Of the V1 Flying Bombs or Doodlebugs landing in buzz-bomb alley,” reports a local paper. ” eleven landed in or near Tonbridge and 98 in surrounding villages”. By the time a map was published in the Kent Messenger in September 1944 15 V1s had landed in Hildenborough. One landed in Cow Park between Stocks Green Road and London (now Tonbridge) Road.
*The cause of the crash is not known but was possibly due to anoxia – “The Battle of Britain, Then & Now”

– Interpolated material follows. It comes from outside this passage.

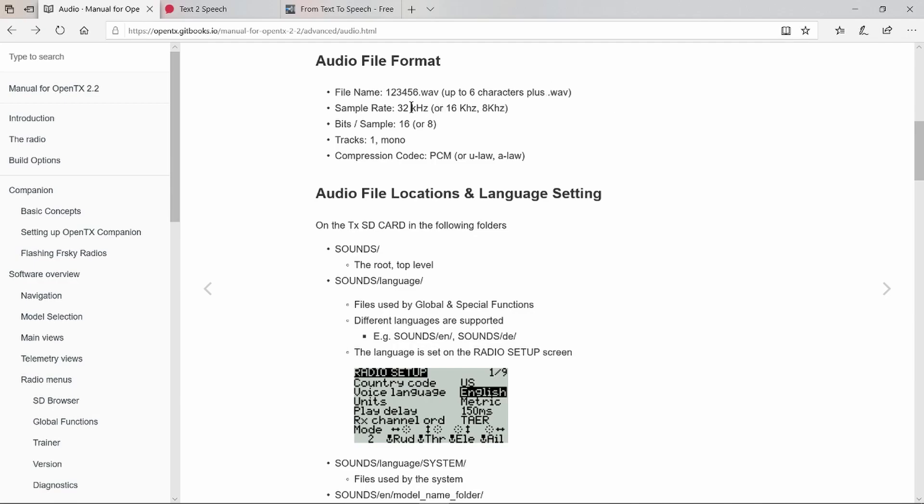The sample rate is 32 kilohertz—you can use 16 or 8. One track, i.e. mono. The compression codec should be PCM, pulse code modulation, mu law or a law.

BEATING THE BOUNDS – An account recorded by Edwin Francis of an old custom revived in November, 1923: “The members of the Parish Council were interested in the boundary of the Parish so it was decided to walk the boundary. A small service was held in the church at 9.00 am, then a party of about 30 led by E. Francis and A. Smith made for the starting point: the Roundhouse near the Grenadier public house. All landowners were notified that the party was coming. At 10.00 am A.F. Buxton Esq., was waiting at the Roundhouse with maps, etc., to conduct the party through his property. From Tinley Lodge to Hoad Wood a little time was wasted trying to find a boundary stone in Dene Park Wood – then on to Horns Lodge and Frogs Bridge; here we met a gamekeeper, who was trying to throw his weight about and wanted to send us back, but when shown a permit from the owner we were able to go on peacefully to Cage Farm. When getting over a prickly fence a member of the Girl Guides made a jump and landed in a dirty ditch. After a halt cleaning her down, on to Tile Barn corner, turning then to Little Trench and High Hilden, and over London Road to Hawden Farm, and to the Plough Inn. Here Mr J. Mackney had been waiting for one-and-a-half hours to give us a good meal, which we had in a field: we had made a mistake with our times! After our meal it started to rain, and on we went to Lower Street Farm and the Blue Anchor public house. Here we met a member of Sevenoaks R.D.C. who told us we were not on the boundary line; he agreed it was not worth the trouble climbing the hedge in two places for a small corner in the field. Still raining, and on to Old House Farm and the railway arch Irons Lane, to Elses Farm; here we found a boundary stone and the nearest boy to the stone was caught and had his head bumped on the stone – he received 6d. for this bump! On then through Stoney Wood to Morley’s Hut. Here we made a stop, everybody wet through and arranged to carry on the following Saturday. Starting again with a few more followers, on we went to Rumstead Farm (now St. Julian’s). Here was a stone that connected three parishes; the usual bumping and a photo taken of the party. On then to Kentlands, Great Hollanden Farm and Stone Cottages, Grenadier. Here the boundary runs through the middle of four cottages, so some of us went through one of the middle ones and some through the other. On then to the Roundhouse where we started the week before.”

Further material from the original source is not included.